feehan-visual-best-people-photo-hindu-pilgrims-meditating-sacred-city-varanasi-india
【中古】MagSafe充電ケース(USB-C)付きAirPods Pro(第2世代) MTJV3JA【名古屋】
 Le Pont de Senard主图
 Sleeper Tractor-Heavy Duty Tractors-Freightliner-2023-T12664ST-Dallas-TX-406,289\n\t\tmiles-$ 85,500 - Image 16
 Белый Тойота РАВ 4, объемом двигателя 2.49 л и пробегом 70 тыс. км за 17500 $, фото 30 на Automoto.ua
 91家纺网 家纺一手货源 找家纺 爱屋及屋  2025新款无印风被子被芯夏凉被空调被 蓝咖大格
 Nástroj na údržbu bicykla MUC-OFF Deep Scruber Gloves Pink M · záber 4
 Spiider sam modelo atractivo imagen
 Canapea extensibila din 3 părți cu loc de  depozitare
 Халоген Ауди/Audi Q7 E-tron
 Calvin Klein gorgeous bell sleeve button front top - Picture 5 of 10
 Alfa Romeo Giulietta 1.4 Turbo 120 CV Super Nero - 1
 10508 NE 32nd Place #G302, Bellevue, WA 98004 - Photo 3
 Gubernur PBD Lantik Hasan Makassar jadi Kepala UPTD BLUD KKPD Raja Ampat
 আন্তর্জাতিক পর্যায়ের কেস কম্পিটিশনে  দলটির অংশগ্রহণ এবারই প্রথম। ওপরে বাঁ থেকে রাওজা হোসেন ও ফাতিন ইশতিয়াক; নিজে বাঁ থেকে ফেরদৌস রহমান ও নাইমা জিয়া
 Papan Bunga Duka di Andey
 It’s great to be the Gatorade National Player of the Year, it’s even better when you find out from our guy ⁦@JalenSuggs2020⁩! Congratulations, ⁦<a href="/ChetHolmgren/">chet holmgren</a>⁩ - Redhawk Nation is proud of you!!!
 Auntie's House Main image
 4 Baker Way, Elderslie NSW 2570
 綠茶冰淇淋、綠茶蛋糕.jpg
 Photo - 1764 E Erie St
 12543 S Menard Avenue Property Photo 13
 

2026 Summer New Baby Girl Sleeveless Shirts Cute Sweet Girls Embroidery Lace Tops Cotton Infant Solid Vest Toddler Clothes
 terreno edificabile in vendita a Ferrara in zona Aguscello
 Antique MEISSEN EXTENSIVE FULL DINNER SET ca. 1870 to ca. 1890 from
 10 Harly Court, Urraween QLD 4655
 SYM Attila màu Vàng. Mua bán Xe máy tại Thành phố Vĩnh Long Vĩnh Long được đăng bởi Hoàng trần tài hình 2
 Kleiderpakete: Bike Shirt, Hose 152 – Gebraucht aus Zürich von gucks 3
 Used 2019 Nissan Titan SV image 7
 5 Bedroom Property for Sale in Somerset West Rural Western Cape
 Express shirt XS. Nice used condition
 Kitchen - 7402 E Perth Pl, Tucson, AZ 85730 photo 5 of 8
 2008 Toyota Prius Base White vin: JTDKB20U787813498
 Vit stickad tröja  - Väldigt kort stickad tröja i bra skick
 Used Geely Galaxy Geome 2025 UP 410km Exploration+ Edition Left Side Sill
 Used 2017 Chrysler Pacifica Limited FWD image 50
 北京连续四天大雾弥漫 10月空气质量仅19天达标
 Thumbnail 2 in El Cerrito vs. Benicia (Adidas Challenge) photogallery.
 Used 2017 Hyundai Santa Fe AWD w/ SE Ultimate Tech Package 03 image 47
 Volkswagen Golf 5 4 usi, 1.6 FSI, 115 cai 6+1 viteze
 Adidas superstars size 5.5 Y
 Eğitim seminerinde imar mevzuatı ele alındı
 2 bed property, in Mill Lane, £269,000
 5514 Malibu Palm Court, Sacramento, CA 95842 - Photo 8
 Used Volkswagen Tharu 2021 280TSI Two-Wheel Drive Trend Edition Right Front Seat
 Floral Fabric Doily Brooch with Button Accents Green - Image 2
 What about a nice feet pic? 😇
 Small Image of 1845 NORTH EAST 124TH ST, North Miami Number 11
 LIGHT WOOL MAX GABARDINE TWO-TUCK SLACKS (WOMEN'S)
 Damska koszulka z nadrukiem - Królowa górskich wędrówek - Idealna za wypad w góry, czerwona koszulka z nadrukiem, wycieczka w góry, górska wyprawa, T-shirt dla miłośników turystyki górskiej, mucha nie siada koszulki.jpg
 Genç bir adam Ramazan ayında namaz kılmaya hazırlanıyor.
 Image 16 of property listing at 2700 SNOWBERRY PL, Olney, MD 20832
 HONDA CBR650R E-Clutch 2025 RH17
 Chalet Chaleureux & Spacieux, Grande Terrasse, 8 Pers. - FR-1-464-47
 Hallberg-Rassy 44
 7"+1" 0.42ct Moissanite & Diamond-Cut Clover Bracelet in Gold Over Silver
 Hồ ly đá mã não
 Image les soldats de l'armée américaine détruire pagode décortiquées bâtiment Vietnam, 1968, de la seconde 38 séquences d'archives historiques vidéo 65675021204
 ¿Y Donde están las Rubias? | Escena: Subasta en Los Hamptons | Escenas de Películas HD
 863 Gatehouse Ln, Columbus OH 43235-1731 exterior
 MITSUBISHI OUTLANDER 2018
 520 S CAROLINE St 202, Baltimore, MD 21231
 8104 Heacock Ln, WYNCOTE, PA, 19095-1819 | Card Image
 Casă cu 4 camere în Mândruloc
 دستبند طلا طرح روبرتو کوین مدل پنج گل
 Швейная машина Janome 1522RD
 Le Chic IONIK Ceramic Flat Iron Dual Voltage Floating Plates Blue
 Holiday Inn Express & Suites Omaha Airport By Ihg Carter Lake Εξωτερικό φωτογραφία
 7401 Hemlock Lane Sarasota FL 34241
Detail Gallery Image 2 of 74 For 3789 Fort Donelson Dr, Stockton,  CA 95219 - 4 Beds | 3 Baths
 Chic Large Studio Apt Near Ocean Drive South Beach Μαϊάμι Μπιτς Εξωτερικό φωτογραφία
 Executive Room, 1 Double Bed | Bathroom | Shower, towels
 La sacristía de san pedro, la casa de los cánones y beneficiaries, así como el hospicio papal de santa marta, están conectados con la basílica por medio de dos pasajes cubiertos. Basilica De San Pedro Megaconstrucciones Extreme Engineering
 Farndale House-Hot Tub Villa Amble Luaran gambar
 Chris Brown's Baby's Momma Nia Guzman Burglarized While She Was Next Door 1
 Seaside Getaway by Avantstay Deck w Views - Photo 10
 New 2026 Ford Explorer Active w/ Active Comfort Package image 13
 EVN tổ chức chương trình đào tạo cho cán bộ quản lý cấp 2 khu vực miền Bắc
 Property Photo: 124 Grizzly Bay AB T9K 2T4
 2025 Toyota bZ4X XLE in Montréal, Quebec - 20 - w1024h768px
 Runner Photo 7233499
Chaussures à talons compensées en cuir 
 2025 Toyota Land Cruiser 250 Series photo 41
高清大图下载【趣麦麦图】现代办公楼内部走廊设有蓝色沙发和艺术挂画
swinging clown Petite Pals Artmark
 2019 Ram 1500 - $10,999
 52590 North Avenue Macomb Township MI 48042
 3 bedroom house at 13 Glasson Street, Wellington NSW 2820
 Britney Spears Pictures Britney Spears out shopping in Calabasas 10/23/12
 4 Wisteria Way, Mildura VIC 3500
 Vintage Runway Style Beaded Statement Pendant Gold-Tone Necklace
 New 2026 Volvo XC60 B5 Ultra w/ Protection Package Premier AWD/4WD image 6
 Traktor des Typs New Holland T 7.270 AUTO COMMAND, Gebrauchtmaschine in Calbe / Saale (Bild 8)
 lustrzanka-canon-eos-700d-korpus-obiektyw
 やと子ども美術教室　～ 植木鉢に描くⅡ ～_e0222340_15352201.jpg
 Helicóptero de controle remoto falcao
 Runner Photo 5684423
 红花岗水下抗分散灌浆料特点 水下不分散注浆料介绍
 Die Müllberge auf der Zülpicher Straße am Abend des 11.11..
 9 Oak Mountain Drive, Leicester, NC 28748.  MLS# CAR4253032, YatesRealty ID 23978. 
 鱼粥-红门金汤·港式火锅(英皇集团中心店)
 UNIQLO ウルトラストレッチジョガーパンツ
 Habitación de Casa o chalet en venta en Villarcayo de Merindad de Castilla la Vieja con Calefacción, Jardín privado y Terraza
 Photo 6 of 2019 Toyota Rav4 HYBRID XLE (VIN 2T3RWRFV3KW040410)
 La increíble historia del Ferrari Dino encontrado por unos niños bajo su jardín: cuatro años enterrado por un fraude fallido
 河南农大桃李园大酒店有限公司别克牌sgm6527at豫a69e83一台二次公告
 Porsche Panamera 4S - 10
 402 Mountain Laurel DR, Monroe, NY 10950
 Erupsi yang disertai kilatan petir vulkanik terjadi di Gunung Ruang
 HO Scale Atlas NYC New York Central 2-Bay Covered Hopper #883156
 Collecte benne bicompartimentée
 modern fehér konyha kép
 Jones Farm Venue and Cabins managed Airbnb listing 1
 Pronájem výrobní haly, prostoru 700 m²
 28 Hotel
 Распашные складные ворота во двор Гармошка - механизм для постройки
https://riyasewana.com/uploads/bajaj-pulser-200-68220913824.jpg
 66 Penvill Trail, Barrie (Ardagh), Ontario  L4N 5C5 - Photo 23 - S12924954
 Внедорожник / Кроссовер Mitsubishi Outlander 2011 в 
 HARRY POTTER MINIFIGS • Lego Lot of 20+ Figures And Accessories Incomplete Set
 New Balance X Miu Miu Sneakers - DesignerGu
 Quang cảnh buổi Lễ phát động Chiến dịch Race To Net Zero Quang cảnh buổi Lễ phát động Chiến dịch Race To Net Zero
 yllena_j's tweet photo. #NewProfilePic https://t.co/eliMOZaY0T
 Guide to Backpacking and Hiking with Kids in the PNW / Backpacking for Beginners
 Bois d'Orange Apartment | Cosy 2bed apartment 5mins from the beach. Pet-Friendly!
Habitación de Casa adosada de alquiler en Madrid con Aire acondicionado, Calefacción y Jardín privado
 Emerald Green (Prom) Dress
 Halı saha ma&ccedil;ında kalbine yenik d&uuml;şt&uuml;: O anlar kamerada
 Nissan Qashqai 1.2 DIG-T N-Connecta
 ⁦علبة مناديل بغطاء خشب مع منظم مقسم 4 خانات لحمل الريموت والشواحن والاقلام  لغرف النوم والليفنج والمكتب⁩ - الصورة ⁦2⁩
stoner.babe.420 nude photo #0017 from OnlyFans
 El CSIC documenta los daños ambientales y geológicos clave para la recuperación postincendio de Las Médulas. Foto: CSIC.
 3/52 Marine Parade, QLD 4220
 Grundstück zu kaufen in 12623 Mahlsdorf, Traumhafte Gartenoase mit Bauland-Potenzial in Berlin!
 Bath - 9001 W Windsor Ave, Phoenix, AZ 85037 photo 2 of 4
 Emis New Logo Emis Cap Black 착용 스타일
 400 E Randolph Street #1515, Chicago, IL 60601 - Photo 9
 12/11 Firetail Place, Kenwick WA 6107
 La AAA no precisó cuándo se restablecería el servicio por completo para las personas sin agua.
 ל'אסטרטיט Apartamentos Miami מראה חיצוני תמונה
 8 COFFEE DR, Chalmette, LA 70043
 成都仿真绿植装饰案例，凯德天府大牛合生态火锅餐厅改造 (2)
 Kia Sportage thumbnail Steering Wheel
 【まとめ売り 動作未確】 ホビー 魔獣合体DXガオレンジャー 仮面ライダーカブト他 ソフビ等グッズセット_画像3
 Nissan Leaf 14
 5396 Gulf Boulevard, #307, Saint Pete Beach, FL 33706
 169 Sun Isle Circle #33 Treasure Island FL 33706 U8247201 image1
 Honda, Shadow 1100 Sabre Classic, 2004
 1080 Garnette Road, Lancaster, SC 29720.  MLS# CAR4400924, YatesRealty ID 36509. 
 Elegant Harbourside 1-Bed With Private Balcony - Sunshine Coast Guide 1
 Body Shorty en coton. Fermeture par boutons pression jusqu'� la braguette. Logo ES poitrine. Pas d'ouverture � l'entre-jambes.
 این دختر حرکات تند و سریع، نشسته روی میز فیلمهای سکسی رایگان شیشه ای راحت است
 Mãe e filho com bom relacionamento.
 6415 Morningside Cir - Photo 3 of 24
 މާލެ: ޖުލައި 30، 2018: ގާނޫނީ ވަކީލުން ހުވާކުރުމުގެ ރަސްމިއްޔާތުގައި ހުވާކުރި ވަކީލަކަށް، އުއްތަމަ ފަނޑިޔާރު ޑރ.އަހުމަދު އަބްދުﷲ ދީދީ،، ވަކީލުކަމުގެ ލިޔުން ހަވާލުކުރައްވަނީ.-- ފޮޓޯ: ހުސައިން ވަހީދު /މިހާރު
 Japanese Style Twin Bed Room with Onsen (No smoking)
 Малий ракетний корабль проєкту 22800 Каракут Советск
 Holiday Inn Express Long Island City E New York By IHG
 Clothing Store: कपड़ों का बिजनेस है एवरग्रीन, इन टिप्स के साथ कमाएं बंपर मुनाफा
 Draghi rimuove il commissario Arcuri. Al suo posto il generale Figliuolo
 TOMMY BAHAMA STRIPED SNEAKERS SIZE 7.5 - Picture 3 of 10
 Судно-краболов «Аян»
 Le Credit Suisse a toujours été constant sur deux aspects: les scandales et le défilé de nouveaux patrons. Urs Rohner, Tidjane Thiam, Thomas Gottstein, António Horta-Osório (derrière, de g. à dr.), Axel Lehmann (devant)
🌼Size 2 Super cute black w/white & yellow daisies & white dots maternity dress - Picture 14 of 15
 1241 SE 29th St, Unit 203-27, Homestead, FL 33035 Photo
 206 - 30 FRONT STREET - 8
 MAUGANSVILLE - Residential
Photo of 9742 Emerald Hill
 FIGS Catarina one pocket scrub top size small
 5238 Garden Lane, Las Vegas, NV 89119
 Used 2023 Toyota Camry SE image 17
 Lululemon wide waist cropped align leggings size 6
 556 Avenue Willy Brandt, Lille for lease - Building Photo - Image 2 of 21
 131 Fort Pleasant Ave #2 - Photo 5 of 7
____________
■ **Exercise description**: Only the lines from the one containing "成都仿真绿植装饰案例，凯德天府大牛合生态火锅餐厅改造 (2)" through the one containing "این دختر حرکات" are to be retyped, both boundary lines included, with no other material.

■ **Reply**:
 成都仿真绿植装饰案例，凯德天府大牛合生态火锅餐厅改造 (2)
 Kia Sportage thumbnail Steering Wheel
 【まとめ売り 動作未確】 ホビー 魔獣合体DXガオレンジャー 仮面ライダーカブト他 ソフビ等グッズセット_画像3
 Nissan Leaf 14
 5396 Gulf Boulevard, #307, Saint Pete Beach, FL 33706
 169 Sun Isle Circle #33 Treasure Island FL 33706 U8247201 image1
 Honda, Shadow 1100 Sabre Classic, 2004
 1080 Garnette Road, Lancaster, SC 29720.  MLS# CAR4400924, YatesRealty ID 36509. 
 Elegant Harbourside 1-Bed With Private Balcony - Sunshine Coast Guide 1
 Body Shorty en coton. Fermeture par boutons pression jusqu'� la braguette. Logo ES poitrine. Pas d'ouverture � l'entre-jambes.
 این دختر حرکات تند و سریع، نشسته روی میز فیلمهای سکسی رایگان شیشه ای راحت است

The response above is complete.